Is your preaching and teaching ministry doing enough to prepare your church for the task of evangelism? In this series, Andy Paterson offers biblical encouragement that every Christian has a role to play, free from false guilt.
This is part 1 in the series.
Clammy skin. Racing pulse. Afraid they might have heard us. The sound of approaching footsteps. Panic as a light goes on and the door swings open. Then hearing my voice. “Good evening. We’re from the local church and we’ve come to talk to you about Jesus.”
Sometimes they swore, sometimes the door was slammed in our faces, sometimes there was an attempt at intellectual argument, but worst of all, most of the time they were... nice. Perhaps patronising (after all we were just a couple of 15-year old lads), but mostly polite in their dismissal of us. And this went on month after month, each time having steeled ourselves for the effort, feeling guilty if we couldn’t make the visits.
We knew it was the right thing to do. We knew that without coming to a saving faith in Jesus Christ men and women would be eternally lost. We knew they lived in ignorance of the greatest good news that the whole universe had ever known. We had to let them know. We had to share what had happened to us. But we did so with little joy and a whole lot of unease and discomfort. It just seemed so forced; so unnatural. And we felt guilty.
No doubt my own experience will resonate with some. We know evangelism is a good thing; it’s just that the way we go about it can seem strangely disconnected from the world we live in.
Comparison and false guilt
I’ve travelled on the London Underground and heard mini sermons shouted out to captive tube passengers between stops. Is that what I should be doing? Is that what evangelism is all about? I’ve heard Bible verses fired out through mini PA systems to crowds thronging into a Springsteen concert. I’ve walked through a busy shopping centre and been harangued by a preacher with a bullhorn. I’ve witnessed tracts being systematically slipped into books at the local library. And all the time my sense of failure as a believer grows because I know I just couldn’t do what they’re doing. It would seem so personally unnatural.
What makes it worse is that there are Christians who just love to do this stuff. You can’t stop them. They seem energised whenever they get the opportunity to witness, whether that be door-to-door, street work, sketch board, or market stall. If they sit next to someone on the train or plane they invariably strike up a conversation that points to Christ, whilst I would sit there hoping for some peace and quiet!
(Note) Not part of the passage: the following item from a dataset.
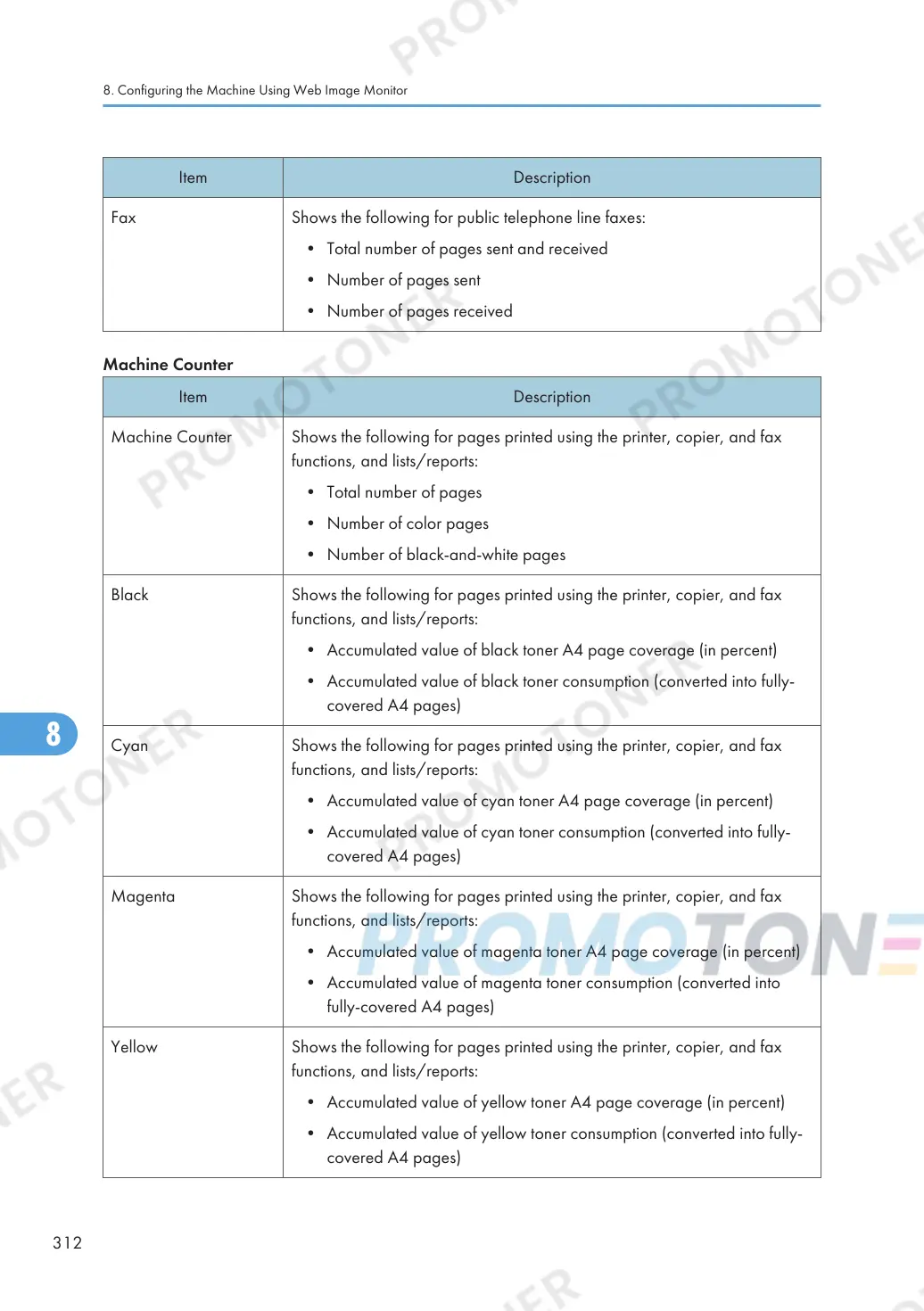 Page #314 background image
Then that’s compounded by them telling me that I should be doing what they’re doing; that evangelism embraces a Star Trek philosophy of outreach – boldly going where no one has gone before.
The truth is I have a massive respect and admiration for their drive and passion, and often have tried to copy their techniques and programmes. However, the reality is that these resolutions of mine fade away within a few weeks of rejections and disappointment, and once again the dark cloud of guilt descends upon this rubbish believer who wants to make Christ known but finds the methodologies of others so alien.
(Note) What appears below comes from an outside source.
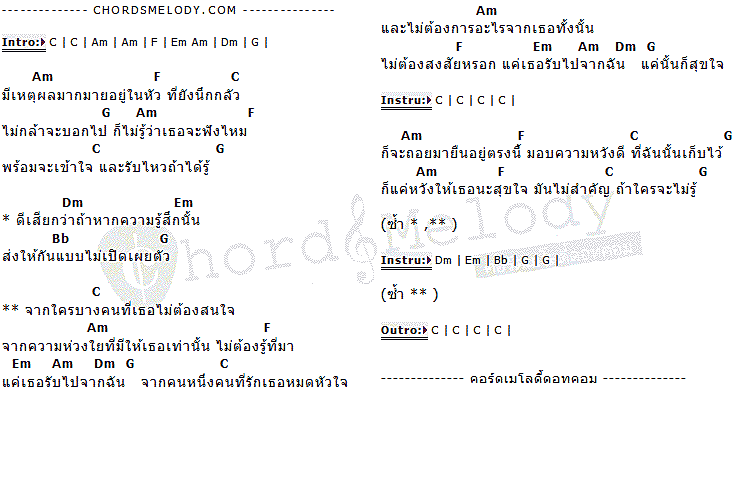 คอร์ดเพลง เนื้อเพลง ความห่วงใยจากใครบางคน, คอร์ดเพลง ความห่วงใยจากใครบางคน ของ ดิว The Star, คอร์ดเพลงของ ดิว The Star, เนื้อร้อง ความห่วงใยจากใครบางคน ดิว The Star, ความห่วงใยจากใครบางคน คอร์ดง่าย ๆ, คอร์ด ความห่วงใยจากใครบางคน ต้นฉบับ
What’s happened to evangelism?
Perhaps this explains why so few Christians today seem engaged in sharing their faith; why so many find it easier to hide away in a Christian ghetto; why it’s easier to keep your head down than speak up for Jesus.
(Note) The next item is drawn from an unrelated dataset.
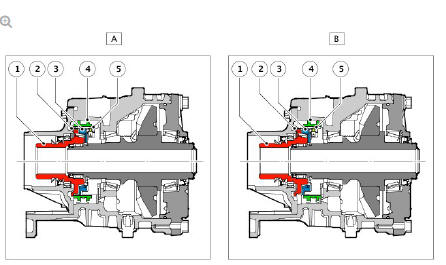 Triple Cone Synchroniser Operation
This is compounded by the apparent failure of many gospel people to unpack God’s word. Preachers, who for the most part would carefully exposit sections of the Bible, seem either to be silent on the whole subject of evangelism or else flip-flop into pragmatic suggestions reminiscent of 21st century marketing programmes.
More than that, when it comes to church, theological insight disappears when confronted by evangelism. Rather than being a gathered community of believers, church morphs into a building-centred entity, from which ‘outreach’ takes place in the hope of capturing a few more who will attend the same building we do.
So, what’s happened to evangelism? Is this how it’s meant to be? Indeed, is this how it has always been?
The intention of this series is to revisit what the Bible teaches with an expectation that we’ll gain a new vision of what it really means to share the wonderful saving news of Jesus Christ.
I’ll be arguing that every single follower of Jesus Christ has a role to play in ways that are both natural and free from false guilt.
Of course, it may also challenge the sinful laziness of our hearts and expose the fig leaf lies that we use to cover over our feeble excuses. And that will be no bad thing when the eternal destiny of the lost is at stake and the honour and glory of Christ is to the fore.